Trochodendron drachukii is an extinct species of flowering plants in the family Trochodendraceae known from a fossil fruiting structure found in the early Ypresian age Eocene fossils found in British Columbia, Canada. T. drachukii is one of the oldest members of the genus Trochodendron, which includes the living species T. aralioides, native to Japan, southern Korea and Taiwan and the coeval extinct species T. nastae from Washington state, United States.

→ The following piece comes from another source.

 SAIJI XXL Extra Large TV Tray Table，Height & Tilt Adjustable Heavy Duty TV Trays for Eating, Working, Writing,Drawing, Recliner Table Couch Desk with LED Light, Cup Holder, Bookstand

==History and classification==
Description of the new species by Dr. Kathleen Pigg, Richard Dillhoff, Melanie DeVore and Wesley Wehr was based on the study of a single complete fruiting structure specimen. The holotype fossil, number "UWBM 97819", being housed in the Burke Museum of Natural History and Culture, Seattle, Washington. They published their 2007 type description of the species in the International Journal of Plant Sciences volume number 168 and named the species drachukii in honor of Robert Drachuck in recognition for his finding and donation of the type specimen for study. The holotype was recovered from the Ypresian age Tranquille Formation outcropping at the McAbee Fossil Beds near Cache Creek, BC, which is designated the type locality.

Trochodendron drachukii is one of five trochodendraceous species that have been described from the Eocene Okanagan Highlands. Broadly circumscribed, four other species have been identified in the highlands Paraconcavistylon wehrii, Pentacentron sternhartae, Tetracentron hopkinsii and Trochodendron nastae. Manchester et al 2018 noted that Tr. drachukii are likely the fruits of Tr. nastae, while Pe. sternhartae are likely the fruits of Te. hopkinsii. If fossils of the fruits and foliage in attachment are found, that would bring the species count down to three whole plant taxa.

==Description==
T. drachukii has been placed in the genus Trochodendron based on the morphology of the fruiting structure and overall shape of the fruits. The 11.4 cm long raceme possess 23 distinguishable fruits grouped in twos and threes along the axis. Each fruit is 3–4 mm by 3–4 mm and composed of six fused carpels.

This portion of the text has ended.